Task requirements:
Give back exactly the lines from the one that includes "this 334×400 image." to the last line below, both included, and no further lines.

Entries shown:
Content starts

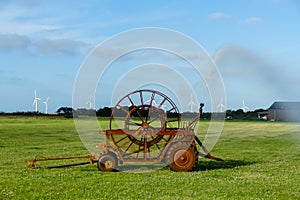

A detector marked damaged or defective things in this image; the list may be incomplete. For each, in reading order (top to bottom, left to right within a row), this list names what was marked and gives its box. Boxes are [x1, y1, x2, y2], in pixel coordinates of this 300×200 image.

rusty farm equipment [26, 89, 223, 172]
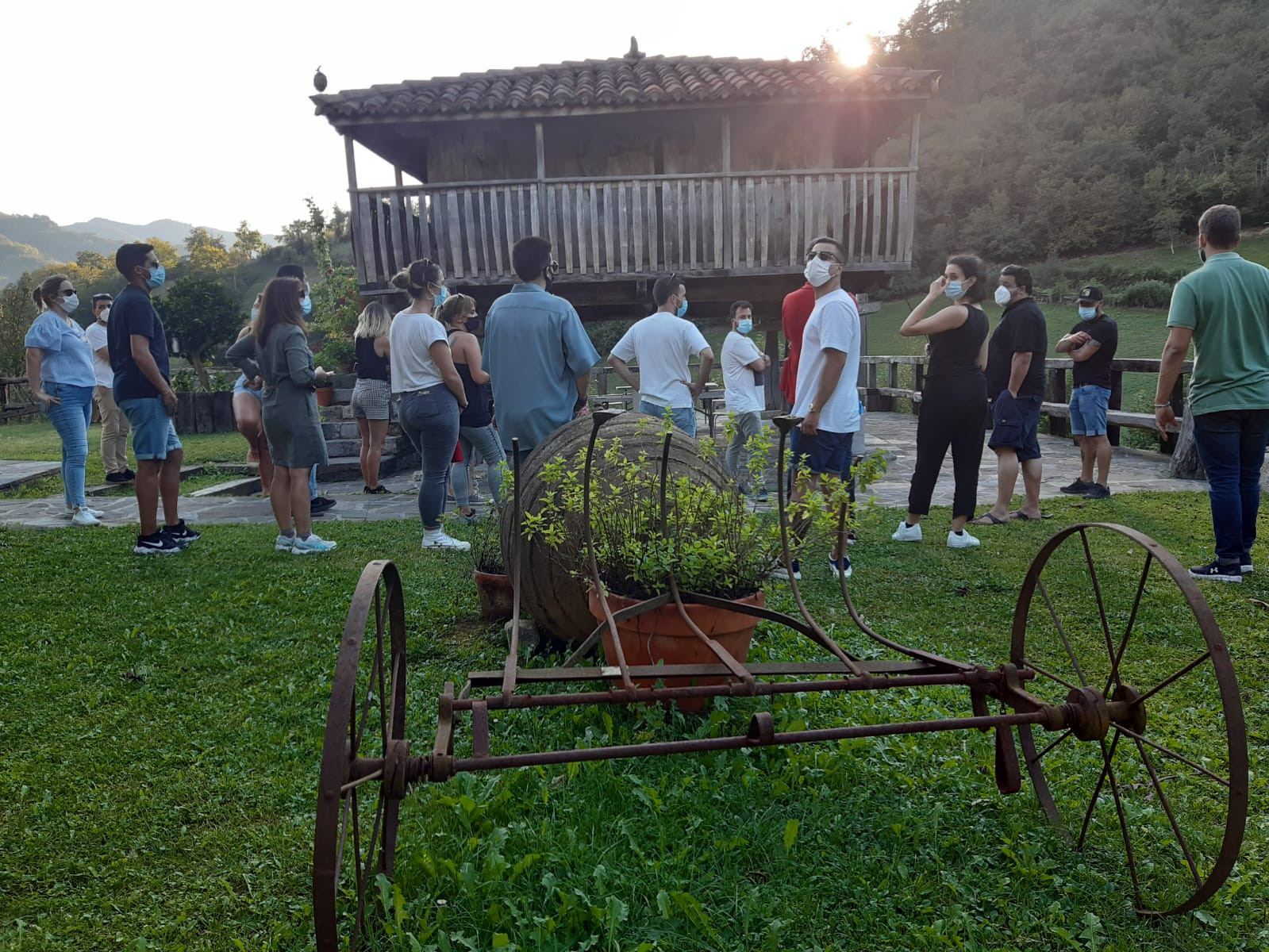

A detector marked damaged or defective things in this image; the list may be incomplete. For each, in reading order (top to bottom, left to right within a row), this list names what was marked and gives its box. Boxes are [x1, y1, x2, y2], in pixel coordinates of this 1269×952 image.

rusty iron cart [310, 413, 1251, 946]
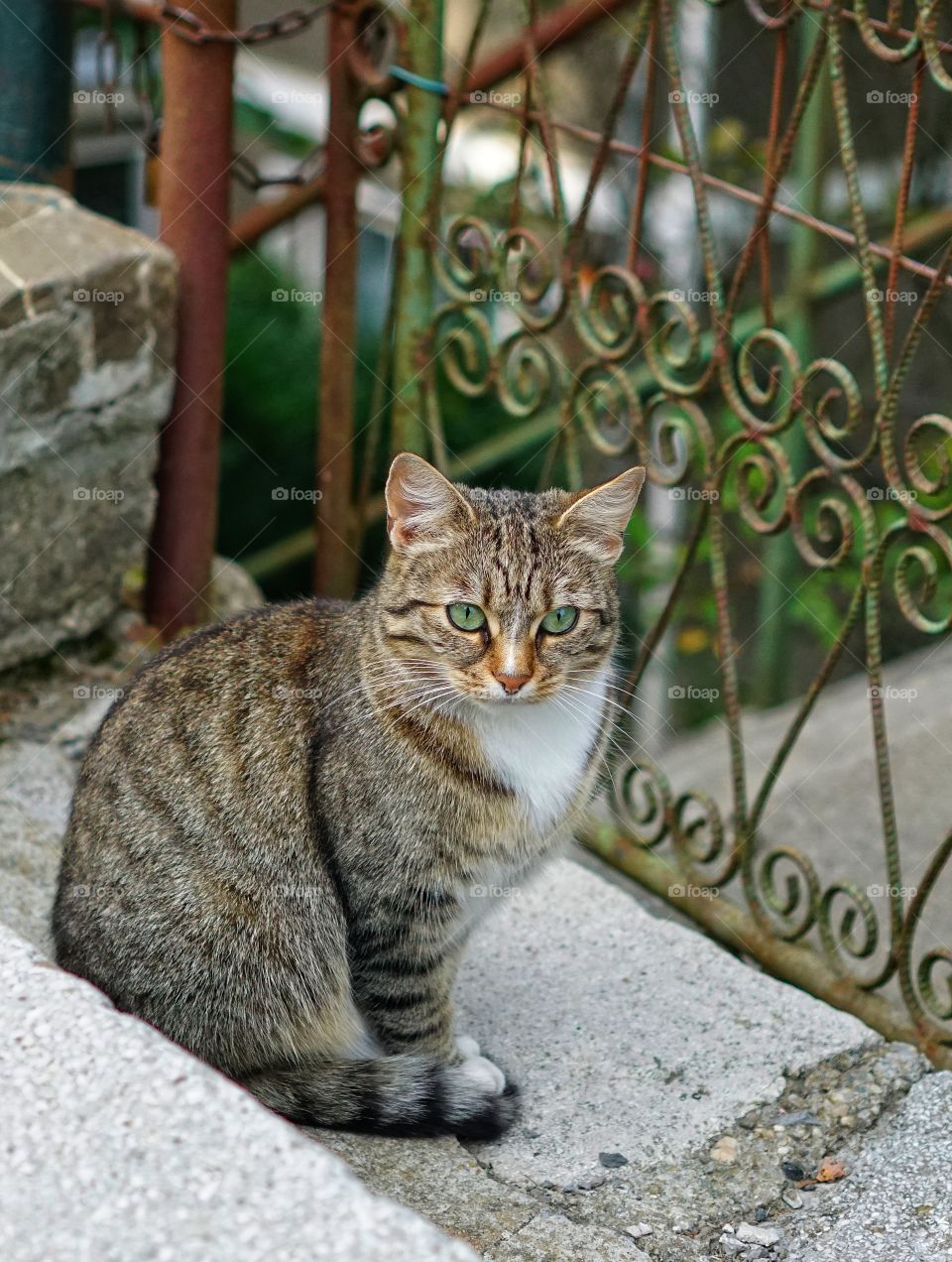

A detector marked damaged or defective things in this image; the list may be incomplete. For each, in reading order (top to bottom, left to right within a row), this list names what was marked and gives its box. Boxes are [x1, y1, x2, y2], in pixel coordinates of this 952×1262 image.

rusty metal fence [54, 0, 952, 1064]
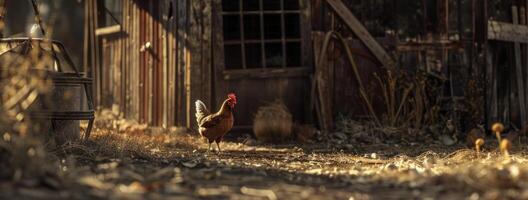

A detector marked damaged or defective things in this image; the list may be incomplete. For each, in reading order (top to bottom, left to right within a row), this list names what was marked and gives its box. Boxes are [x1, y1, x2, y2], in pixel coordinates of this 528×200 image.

broken window frame [218, 0, 310, 79]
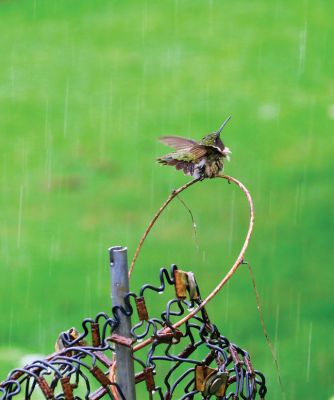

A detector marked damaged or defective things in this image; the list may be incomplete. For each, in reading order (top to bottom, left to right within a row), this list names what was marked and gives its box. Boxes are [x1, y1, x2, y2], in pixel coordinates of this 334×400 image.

rusty metal piece [154, 328, 183, 344]
rusty metal piece [36, 376, 54, 398]
rusty metal piece [90, 366, 111, 388]
rusty metal piece [194, 366, 228, 396]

Content ends

Problem solution:
A detector marked damaged or defective things in this image; the list may be incomplete. For each, in reading order (top to bottom, left to right within a row), this list names what was marked and gives its box. Boxes are [x1, y1, x2, y2], in pixel coordinates of this 334×400 image.

rusty metal piece [154, 328, 183, 344]
rusty metal piece [36, 376, 54, 398]
rusty metal piece [90, 366, 111, 388]
rusty metal piece [194, 366, 228, 396]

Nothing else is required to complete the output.